Súplica

Por Teolinca Velázquez

En el último año me he puesto a dar clases comunitarias para quienes van a presentar su examen de ingreso a la universidad y a la preparatoria. Si algo he visto es la angustia que sienten la mayoría de los chicos por la llegada del  temible examen; la primera clase es cuando más notoria puede parecernos esta angustia: el asesor se presenta frente a ellos y los muchachos lo miran con los ojos abiertos, dispuestos a hacer lo que él les pida.

¿Qué pasaría si en ese momento yo les pidiera que limpiaran mis zapatos? ¿Qué pasaría si les pidiera que me trajeran de comer? ¿Qué pasaría si yo pidiera cualquier servicio de su parte? Estoy segura que al menos uno lo haría. Pero todas estas peticiones conllevan un abuso de mi parte, pues pareciera que estoy condicionando su aprendizaje durante el curso y consiguientemente su acreditación del examen; incluso si yo fuera titular de grupo ante una institución educativa seguramente me atraería graves problemas.

Sin embargo el hecho de que existan sanciones ante comportamientos como este no significa que la situación haya desaparecido. Las formas de control y dominación entre el profesor y los alumnos siguen presentes a veces de manera muy sutil y por eso, junto con el enfriamiento y la individualización del sistema educativo, se pueden volver casi imperceptibles.

Una de esas formas es la súplica. Los estudiantes tienen necesidades como la entrega de firmas, papeles sellados, calificaciones y demás, porque la educación tiene una forma de control burocrático que se rige por fechas límites imperturbables, con las que los alumnos pueden ser manipulados bajo la amenaza de perder su lugar en el sistema educativo, perder todo lo que han construido.
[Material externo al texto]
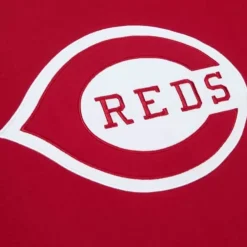 Apparel Mitchell & Ness T-Shirts & Tops-Color Blocked Ss Tee Cincinnati Reds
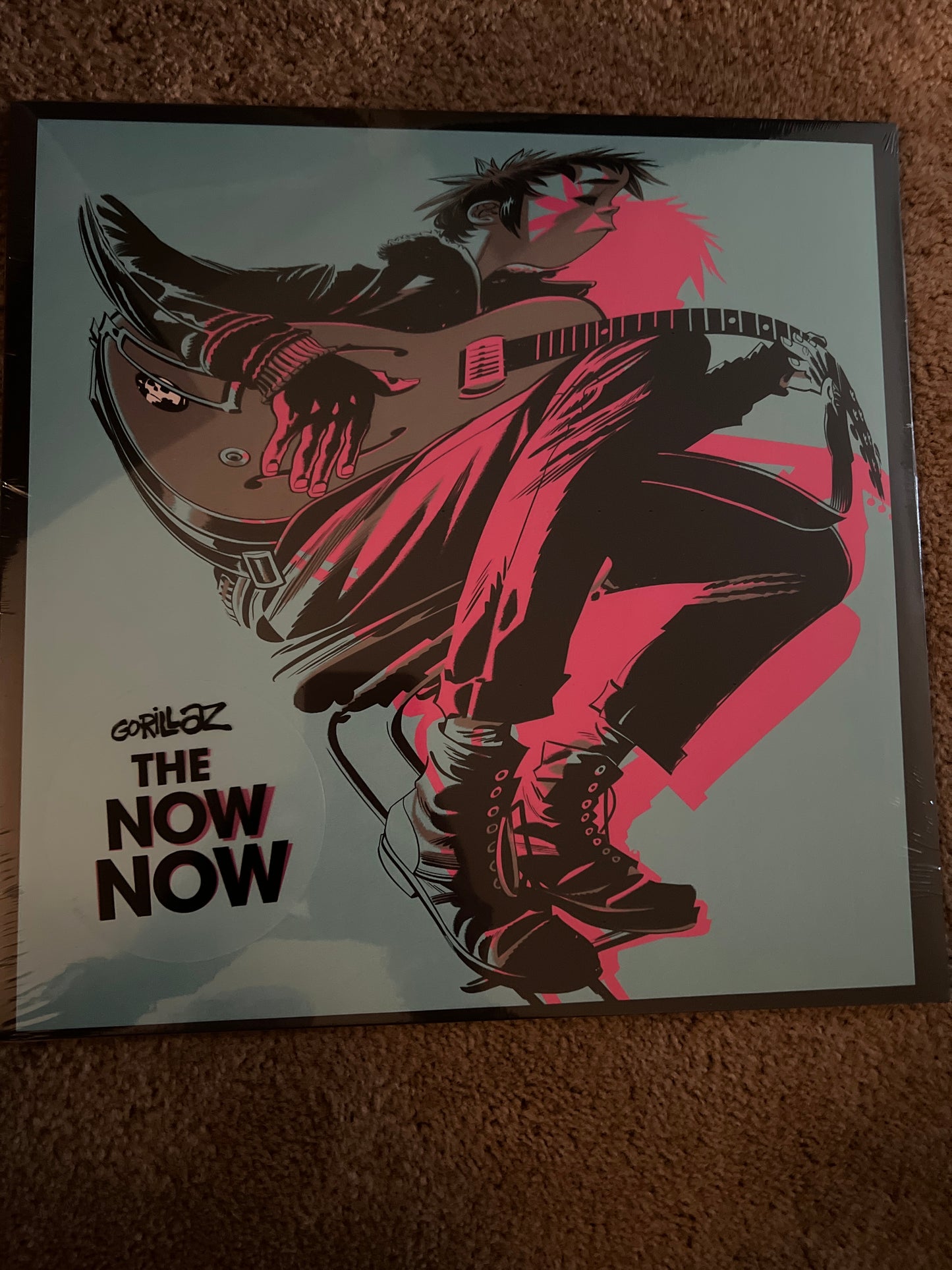 GORILLAZ - the now now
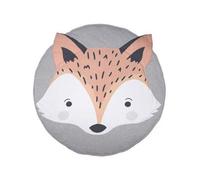 Tapis De Jeu Rampant En Coton Doux Imprimé Renard, 85cm, Couverture De Sol, Tapis D'Escalade Pour Pépinière, Activités, Jouets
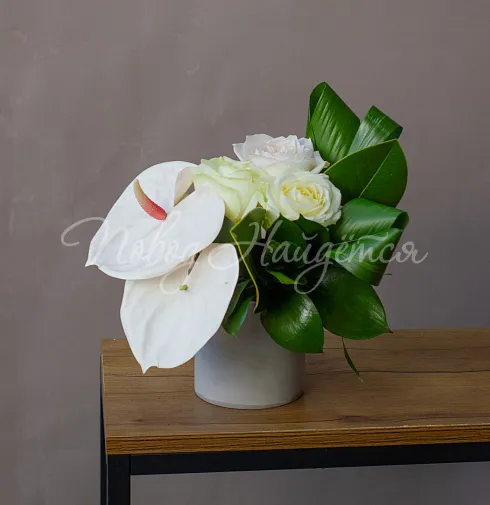 Цветочная композиция Композиция №118 — Повод Найдется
¿Cómo puede controlar un profesor a un alumno con eso? Haciéndolo suplicar, pedir por favor mil veces, llamar, escribir correos en forma de plegarias, pedir perdón otras mil veces, dar explicaciones, rogar por una firma hasta las lágrimas; el profesor puede llevar al alumno hasta el agotamiento físico y mental por conseguir un trámite, por conseguir una calificación aprobatoria, vamos, hasta por conseguir un comentario positivo. ¿Es la súplica una forma de humillación y de abuso? Por supuesto. Automáticamente implica la superioridad casi divina del profesor y tira toda la lucha que ha tenido la pedagogía para derribar el esquema positivista en las aulas.

Aunque logre cambiarse la forma de trabajo en el salón de clases, la diferencia entre lo horizontal y lo vertical radica en un cambio de mentalidad, en entender que el maestro está para servir a la construcción del desarrollo humano y no para ser servido con fines egoístas y megalómanos. En textos anteriores describí cómo la actitud de un profesor es importante para encausar el comportamiento de los alumnos, esta es la evidencia de cómo se reproducen pautas de comportamiento que lejos de edificar, destruyen.